Il viso definito, a differenza della reazione al Pittodrie in quell’Aberdeen-Celtic del 2018, questa volta nasconde una certa compostezza: nella prima intervista rilasciata da nuovo tecnico dei Fishermen è persino imbarazzato. Sorride e sfugge allo sguardo del giornalista che lo incalza: è un altro Scott Brown, insomma. Anni luce distante da quello che, ad Hampden Park nel 2007, dopo una delle due semifinali di Tennent’s Cup sfidava il cronista della BBC, autore di una sequenza infinita di domande sulla settimana precedente, quella che aveva visto gli allora giocatori dell’Hibernian (squadra di cui Brown faceva parte) incontrare il presidente Rod Petrie per lamentarsi del proprio allenatore, John Collins. Una scena mica da ridere. Brown risponde a tutte le domande con un irriverente “I don’t know”, sintetizzato in un più semplice “Donnou”: insomma non vedo, non sento, non parlo, con lo sguardo fisso e provocatorio.
The Blackpool GazetteLo Scottie che si siede nello spogliatoio del Fleetwood, invece, è imbarazzato, messo a nudo dalla confidenza: sorride a disagio, con le spalle al muro. È un uomo nuovo.
“Farò degli errori: è il mio primo incarico e se non faccio errori è un miracolo”, ha raccontato al “Blackpool Gazette”.
Non è stato sempre così, Scott Brown. Uno degli episodi più rappresentativi della sua carriera al Celtic è, ovviamente, quello che segue la rete a Ibrox nell’Old Firm di coppa del febbraio del 2011. Un mancino a giro imprendibile Allan McGregor, che probabilmente da uno come “Broony” non si aspettava mica una conclusione così. Lui, che è sempre stato “sostanza” prima che “tecnica”, lasciata nel cassetto al momento del suo trasferimento dall’Hibernian al Celtic, così come le ambizioni di una mezz’ala che si è trovata, col tempo, a far da schermo in mezzo al campo.
In ogni caso, quella rete verrà per sempre ricordata per l’esultanza associata: per tutta la gara Brown e El-Hadji Diouf se l’erano date di santa ragione. Chi vuoi che capiti sotto gli occhi del capitano del Celtic dopo il goal? L’attacante senegalese, che si vede alzare in faccia le braccia da “Broony”, con tanto di espressione seria e fiera. I due, poi, si abbracceranno a fine partita: perché Scottie è sempre stato così. Nemici in campo, rispetto massimo fuori.
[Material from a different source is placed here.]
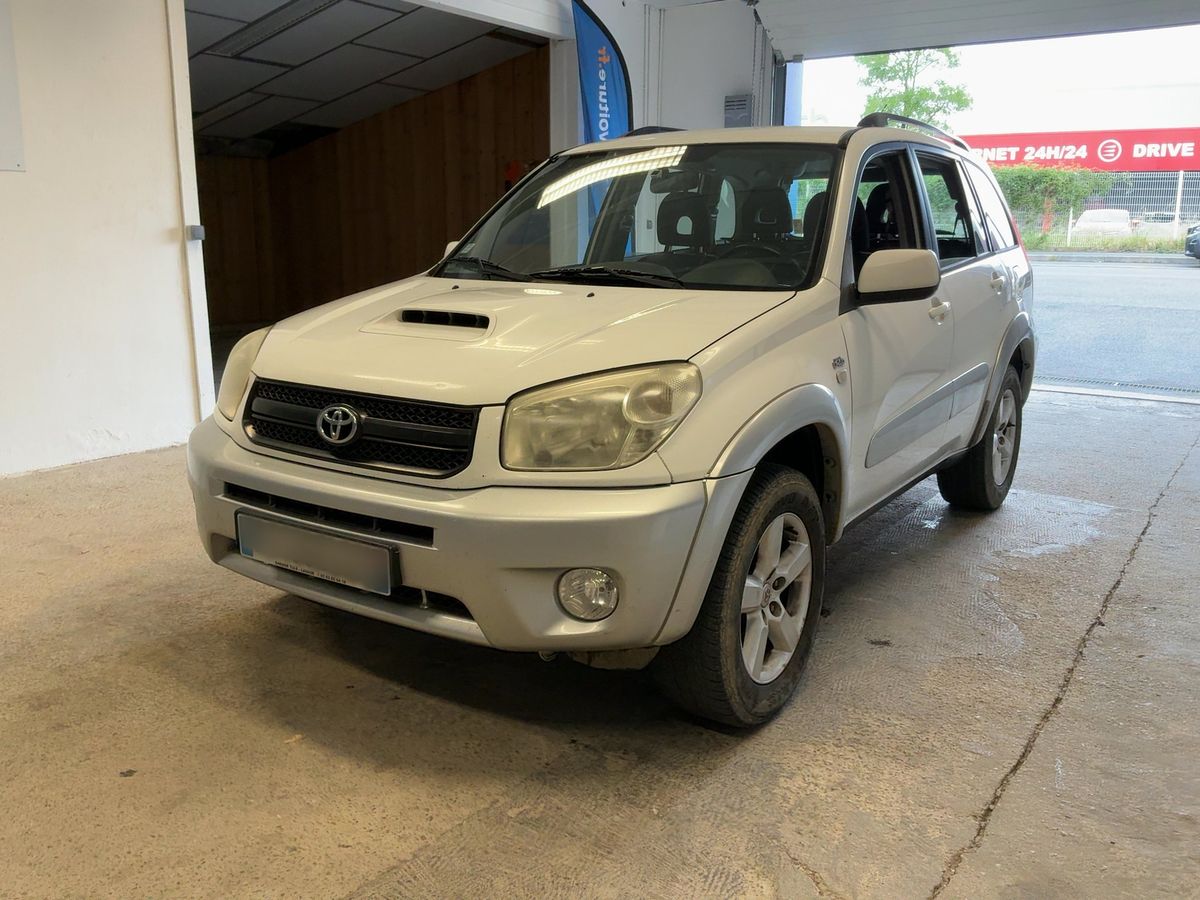 Toyota RAV 2005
“Ho goduto tanto”, dirà anni dopo a Football Daily Clips. Gli crediamo sulla parola.
GettyDal punto di vista strettamente statistico Scott Brown è uno dei tre capitani (con Billy McNeill, ex Celtic, che vanta una striscia dalla stagione 1965/66 a quella 1973/74, e con Richard Gough, ex Rangers, con una striscia dalla stagione 1988/89 a quella 1996/97) ad aver vinto nove campionati scozzesi consecutivi con la stessa squadra. In totale, in termini di presenze, 611 con 46 goal con gli Hoops.
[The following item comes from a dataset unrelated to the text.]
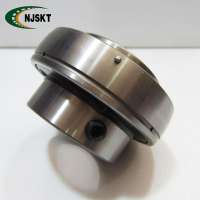 Insert Bearing 17x47x31 mm UC203 mounted bearing for agricultural machine.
L’ultimo caso che vogliamo ricordare riguarda sempre l’Old Firm, ma quello del marzo del 2019: questa volta non affronta un uomo composto come Diouf, ma “El Bufalo” Alfredo Morelos. Non certo uno che si tira indietro.
Alla mezz’ora al Paradise l’attaccante dei Rangers viene spedito fuori dal campo, ma da casa bisogna attendere il replay per giustificare le urla del pubblico presente: Brown e Morelos battibeccano a palla lontana, il capitano del Celtic gli passa dietro e “El Bufalo” gli rifila una gomitata. O un accenno di gomitata: insomma, quel tanto che basta per farlo ruzzolare a terra e far scattare il cartellino rosso.
Proteste, rissa: clima ideale per l’Old Firm, si intende. Broony viene medicato e viene portato fuori dal campo, Morelos ci mette un po’ per lasciare il terreno di gioco, con Steven Gerrard visibilmente contrariato, ma abituato a reazioni del genere da parte del suo attaccante. Brown, in tutto questo, nel frattempo, è ad altezza quarto uomo che si disseta: aspetta l’uscita del suo avversario e gli ride in faccia, consapevole di aver raggiunto il suo scopo. L’uomo neanche tanto invisibile più importante della storia recente del Celtic: capitano, leader. Leggenda.